This transcript was generated automatically and may contain errors.

Right, thanks everyone. I hope you enjoyed an ice block over the break. So yeah, I'm talking about what we did at my organisation to improve our science workflows to benefit the people we work for, which is dairy farmers. And hopefully out of that journey there's a few lessons that might be useful for you.

So, a little bit about our organisation, DairyNZ. Our purpose is to progress a better future for dairy farmers. A couple of quick facts about the New Zealand dairy sector. We produce more milk than Wisconsin, your dairy state, not a competition. Also more milk than California, also again not a competition. But there's not many people in New Zealand, which means that 95% of the dairy products gets exported all over the world.

So it's important to us that we have products that people love and enjoy and are happy with how that's produced. So a lot of our work at DairyNZ is about how can we help our farmers be more profitable, sustainable and competitive going forwards.

So this is where I think everyone wants to be. They want to be a happy cow, they want to be doing useful work and having the tools that are fit for purpose. And I can't say we're always there, but I know about five years ago we looked a lot more like this. We were struggling to do what we needed to do and the tools were just not fit for purpose.

So this talk is a little bit about how we channeled some of that frustration with a bit of boldness to then create change and deliver on impact.

Why change was needed

So why do we need to change? Maybe a third of you will recognise this thing. This is a floppy disk that holds about one meg worth of data. So historically, 10, 20 years ago when we were doing a farm trial, we'd get a few observations per day. So you could have a major trial where all the data would fit on about six of these floppy disks.

However, today we have wearable devices. You can imagine Apple Watches for cows. Devices like this are generating 60 observations a second and you're putting this across hundreds and sometimes thousands of cows and that's generating a metric crap tonne of data.

And so if you put all the data for a three-month trial today onto floppy disks, the tower of floppy disks would be taller than the Burj Khalifa, like the tallest building in the world.

Also at the same time, we had to move from linear science in the sense of scientists would have an experiment, they'd run the experiment, they'd throw some data at the statistician, produce some plots and some tables, publish it, job done. But when we're looking at this more complex data, it becomes more iterative in the sense of looking at the data, understanding what it's trying to tell us, come up with some hypotheses, test those. So a very different way of working.

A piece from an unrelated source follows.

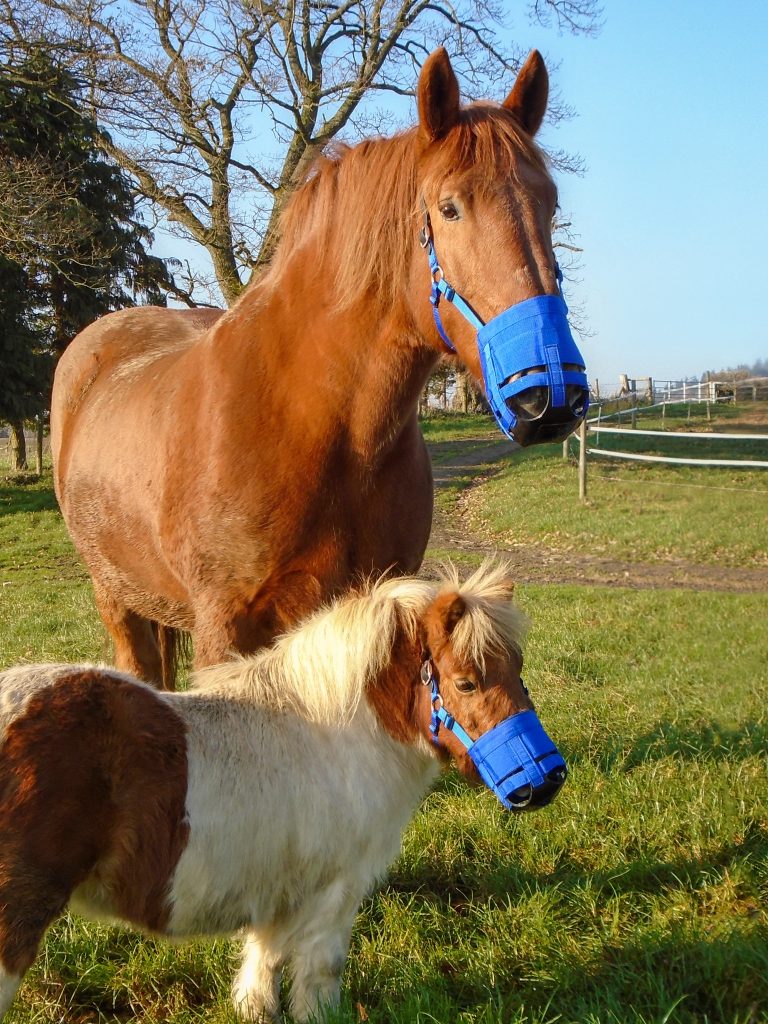 The Ultimate Muzzle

So these are not all the reasons, but these were a couple of the obvious reasons that created that burning platform for why we needed to do something different.

Infrastructure

So we did three things. The first thing was around infrastructure. So if you've opened the R for Data Science book, this diagram's probably quite familiar. Anyone that's got R can get started and use this workflow. But when you want to work at scale, you want to add a few things.

So for us, we've got a data platform. We chose Snowflake. You might choose Databricks or something else. For sharing code and versioning code, we use GitHub. Again, there's other options there. When the smoke is starting to pour out of your laptop, it's time to move that compute to the cloud. So we use Posit Workbench for that. And then when we've created artifacts, tools, dashboards, et cetera, that we want to share, then we push that through to Posit Connect.

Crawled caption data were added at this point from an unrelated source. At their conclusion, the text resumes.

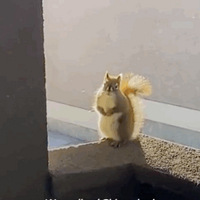 ��ëÿ�춢�ź��ſ�������֪��ԭ���...̫ů�ˣ�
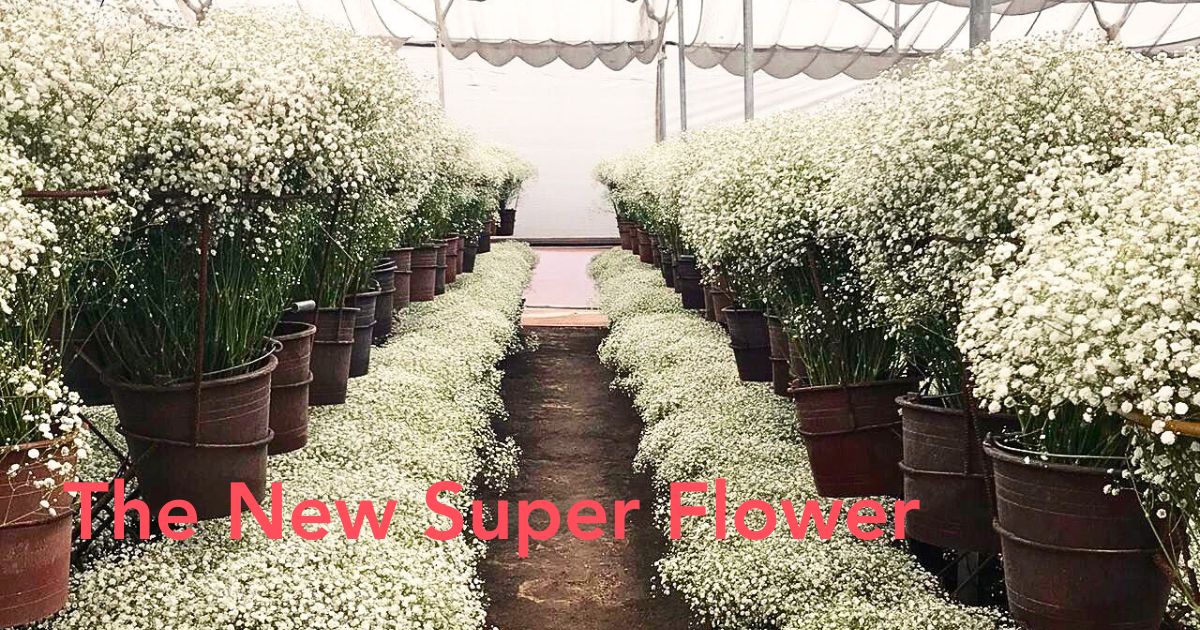 Xlence Header Gypsophila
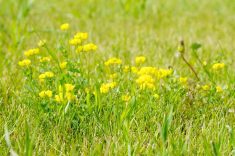 Organizations like the Canadian Forage and Grassland Association argue that, if cropped acres aren’t making the producer money anyway, they might be better put to forage.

So what guided some of those choices? Well, it needed to be fit for purpose, and for us, that meant performance. It needed to be scalable, as we did more and more of this type of work, and reproducible is just really good practice. Also, we're starting from a low base, so we want a relatively low cost to start. So some open-source tools fit the bill there. And you also need ease of management by your IT. So that forms part of your total cost of ownership.

You're going to need some confidence in the vendor, but you also want to limit the technological lock-in wherever possible, so you have options down the future. You know, the landscape might change. For us, support for R and Python, we're primarily R now, but I could see there are some things we might want to use Python for in the future, and depending on where you're at and what your situation is, you might make different choices.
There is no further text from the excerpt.